Figure 1.1 : Spatial map of a subset of example 'dat' dataset

Figure 1.1 : Spatial map of a subset of example ‘dat’ dataset

It’s important to note that, while plantTracker was designed to be used with small-scale maps of plant occurrence in quadrats, it is conceivably possible to use other styles of map data in plantTracker functions. All that is required is a single mapped basal area (or point location converted to a small polygon) at each time point for each organism (or ramet), and is accompanied by the required metadata detailed above. For example, plantTracker functions could be used to estimate tree demographic rates at the scale of 100 m x 50 m plots.

1.1.1 Get your data into the sf data format

As mentioned above, plantTracker uses the sf R package to deal with spatial data. The map data that plantTracker was built to analyze is inherently spatial, so you need to know how to the basics of dealing with spatial data in R if you want to use plantTracker! There are many good resources to help you orient yourself to working with spatial data in R generally:

And the sf package more specifically:

These resources provide a great orientation, and while I recommend looking over them if you’re new to working with spatial data in R, I’ve included a brief tutorial for uploading shapefiles into R as sf data frames.

Most of the published chart-quadrat datasets have the map data stored as shapefiles in complex file structures, which can be a bit confusing to navigate. plantTracker requires all of your data (for all species, plots and years) to be in one single data frame. This example shows how you might navigate through a complex file structure to to pull out shapefiles and put them into one single sf data frame. for further analysis with plantTracker. For this example, I’ll use a subset of the data from the Santa Rita Experimental Range in Arizona, which has been published in this data paper. In this dataset, shapefiles for each quadrat are stored in their own folder. Within that folder there are two shapefiles for each year: one that contains map data for polygons, and one that contains data for points. The following code reads in those shapefiles, transforms the points to polygons of a fixed radius, and puts all the data into one sf data frame. If you want to follow along, download the “shapefiles.zip” file from the data paper, un-zip it, and name it “AZ_shapefiles”. The dataset that is the result of this example is the same as part of the “grasslandData” dataset included in plantTracker.

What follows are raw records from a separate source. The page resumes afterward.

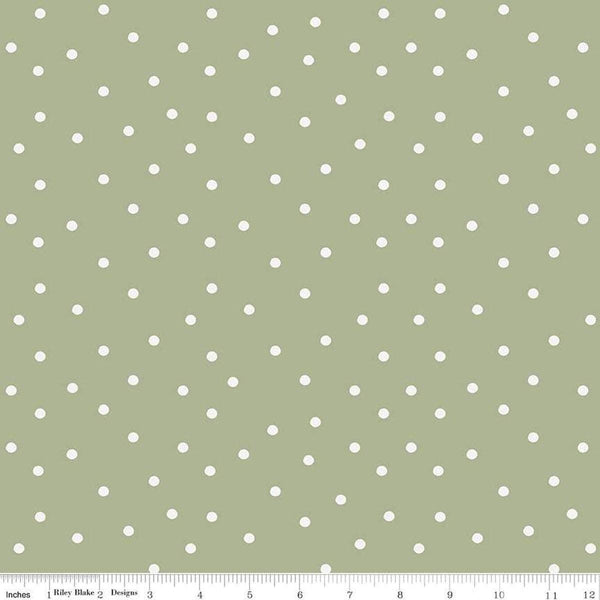 Image of Sunflower Whispers Dots Green quilting cotton fabric by Lisa Audit for Riley Blake Designs. Features dots on a green background. Cute Little Fabric Shop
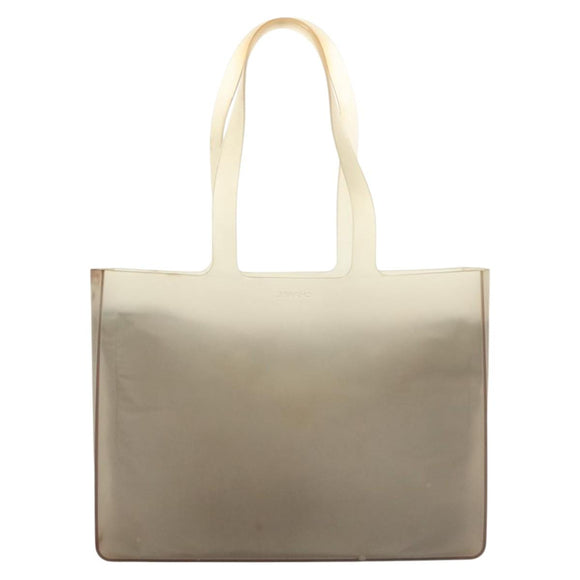 CHANEL Tote Bag Rubber Gray CC Auth hk2818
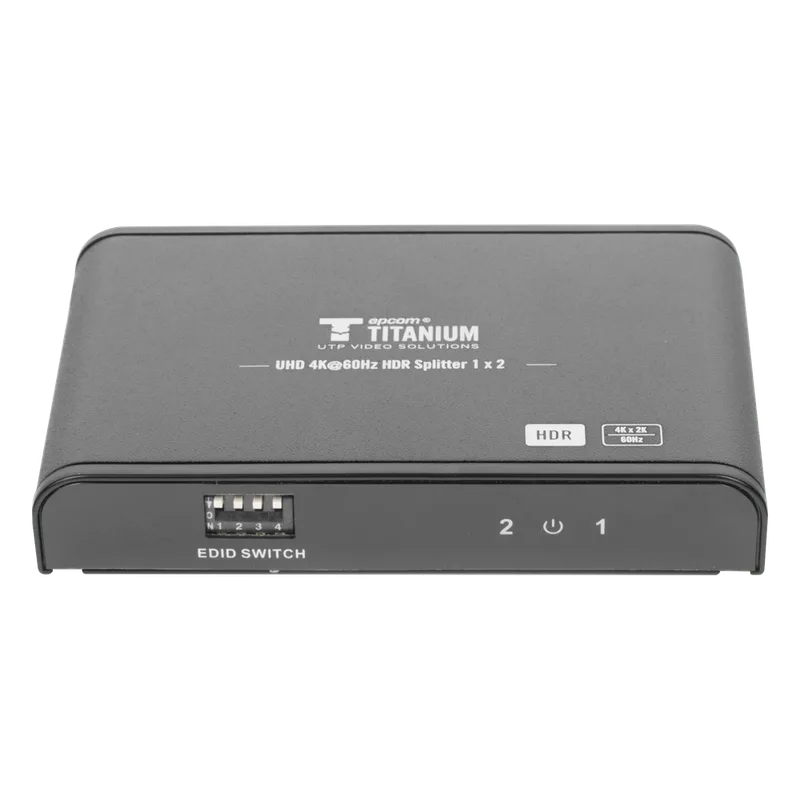 Divisor (Splitter) HDMI 4K de 1 Entrada a 2 Salidas (Simultaneas) / Soporta 4K×2K / Ajuste de resoluciones EDID / HDR / HDMI 2.0 / HDCP 2.2 / Soporta formatos de Audio Dolby Digital / Longitud del cable de entrada y salida ≤10m. EPCOM TITANIUM TT312HDR-V2.0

#  save a character vector of the file names in the file that contains the 
# shapefiles (in this case, called "CO_shapefiles"), each of which is a quadrat
# note: 'wdName' is a character string indicating the path of the directory 
# containing the 'AZ_shapefiles' folder
quadNames <- list.files(paste0(wdName,"AZ_shapefiles/"))
# trim the quadrats down to 2, for the sake of runtime in this example 
quadNames <- quadNames[quadNames %in% c("SG2", "SG4")]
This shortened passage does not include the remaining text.